There are only two values for background-image, none and a url to point
to an image object.
Examples:
P.bg1 { background-color: #000000;}
P.bg2 { background-image: url(images/bg1.gif) }
background-repeat
Valid values are: repeat, repeat-x,
repeat-y, and no-repeat. A value of
repeat, repeats the background horizontally and vertically. repeat-x only
repeats the background in the horizontal direction, repeat-y vertical
direction. And as you might have thought no-repeat does not repeat the
background at all.
Example:
<BODY
style="background-repeat:no-repeat"
background="test.gif">
background-attachment
There are two values for background-attachment, scroll and
fixed. A value of "scroll" is what is common with browsers today. The background
scrolls along as you do. A value of "fixed" will keep the background fixed,
with the text and other goodies scrolling on top of it.
Example:
<BODY
style="background-attachment:fixed"
background="test.gif">
background-position
You can specify where the background is to be placed with this
property. Valid values are: length, percentage,
top, center,
bottom, left,
right.
For example, the below declaration positions the background image at
the lower footnote of the page:
<BODY style="background-position: bottom
right" background="test.gif">
background (shorthand)
Finally, we've stumble upon the shorthand notation for background,
essentially all you need to manipulate the background image using CSS. The
notation combines
background-color, background-image,
background-repeat, background-attachment, and
background-position, in that order.
Here's the classic example that renders a non repeating background
image, centered and fixated on the page:
BODY { background: white url(bg1.gif)
no-repeat fixed center center }
Grouping and contextualizing
selectors
CSS supports 2 nifty declarations to help streamline and shorten your
style sheets.

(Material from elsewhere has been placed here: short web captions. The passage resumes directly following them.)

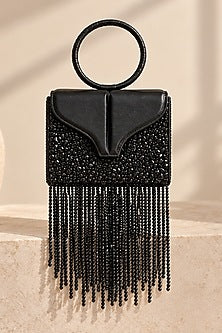 Black Vegan Leather Fringe Embellished Rectangular Clutch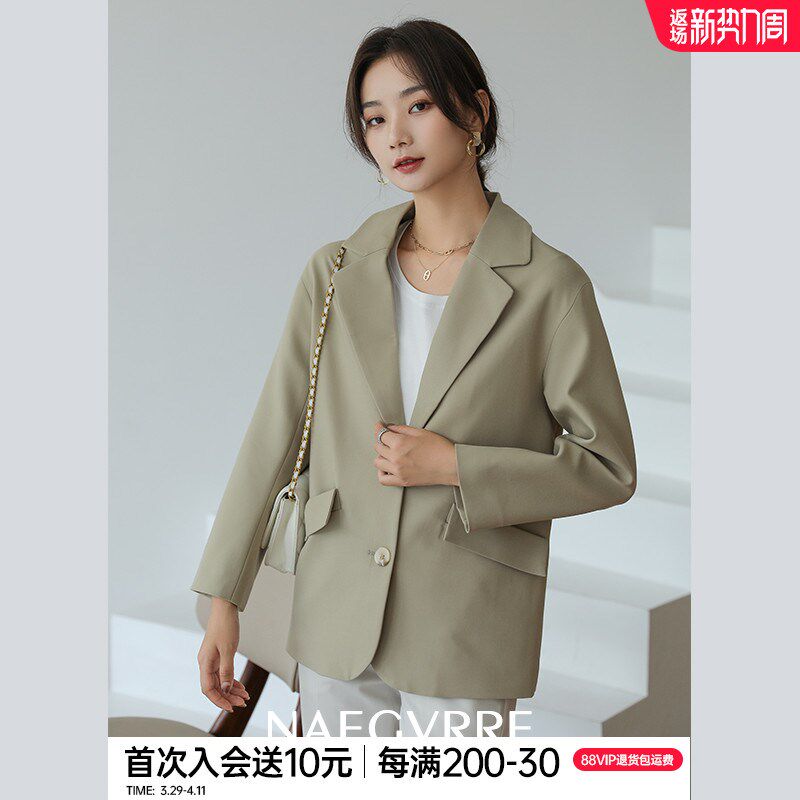 奈格薇儿小个子绿色西装外套女2025春秋新款休闲气质短款西服上衣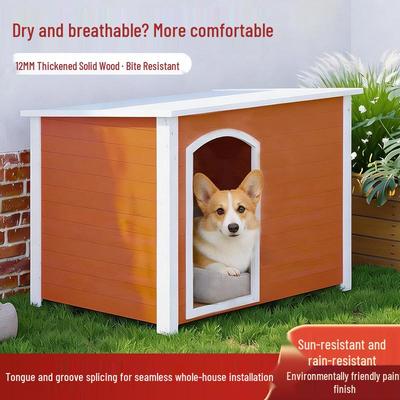 Solid Wood Dog House Villa: Rainproof Outdoor Kennel for Small To Medium Dogs, All-Season Dog Den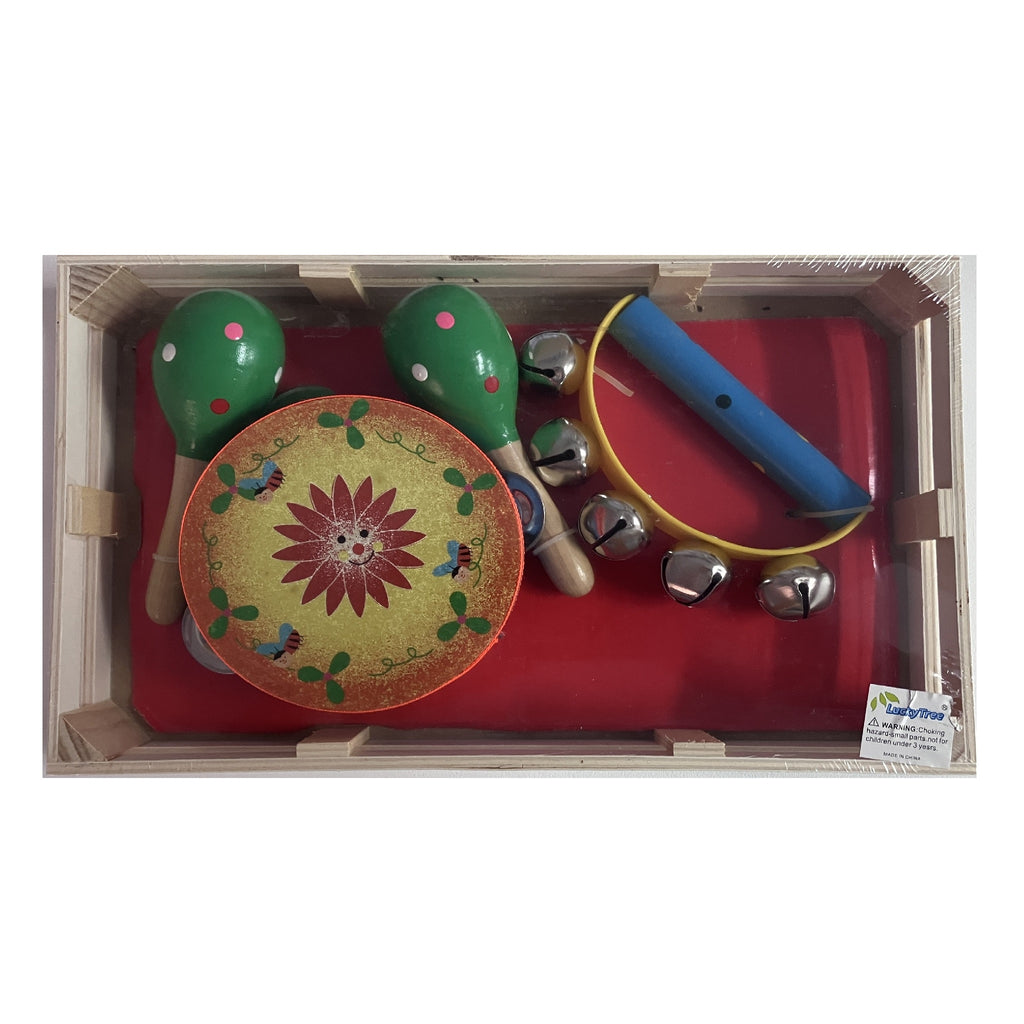 Music Set in Wooden Box - Small - Bee - Green Dot Maracas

Let's look at grouping first:
-Grouping
Identical styles that apply to different elements can be combined into
one. Simply separate each element with a comma(,), followed by the style
itself:
BODY, P, #mytable {background-color:gray}
With the above, your <BODY>, <P> and ID "mytable"
will all have a gray background.
-Contextualizing selectors
Getting a little technical here, in a CSS definition, the selector is the tag, id, or class that
proceeds the style. For example:
P {font-weight:bold}
.myclass {color:red}
"P" and "myclass" are called selectors.
CSS allows you to nest one selector within another, in which the result
is that the style will only be applied when the HTML source contains such
a setup. Take a look at this:
TABLE A {color:brown}
DIV B {background-color:yellow}
This will cause only links that appear inside a table to be brown in
foreground color, and bold text that appear inside a div to be yellow in
background.
Cascading and
inheritance
There's a reason why CSS is called CSS (Cascading Style Sheets), and it
has to do with the order of precedence in which styles are applied. When
you have an linked, embedded, and inline style sheet all defined on the
same page, the order of precedence is ascending. For example, if both an
embedded and inline style sheet attempts to manipulate the same aspect of
the same element,
inline dominates.
Inheritance refers to how the style of one element in "passed
on" to another provided no explicit style is assigned to the later.
Some style declarations (ie: font-family)
are inherited, meaning they affect not just the element it was assigned
to, but elements under it as well:
<P
style="font-family:Verdana">This font is Verdana. <b>So
is this font</b></P>
Both P and B carry the font Verdana, even though the style was only
defined on P. Inheritance exists to save the user the hassle of redefining
styles that are obviously intended for everything the element encapsulates.
A good CSS reference will list which style in CSS are inherited, and which
are not.
On that note we come to a conclusion. You now should have a solid
understanding of CSS, and how to take advantage of it on your site.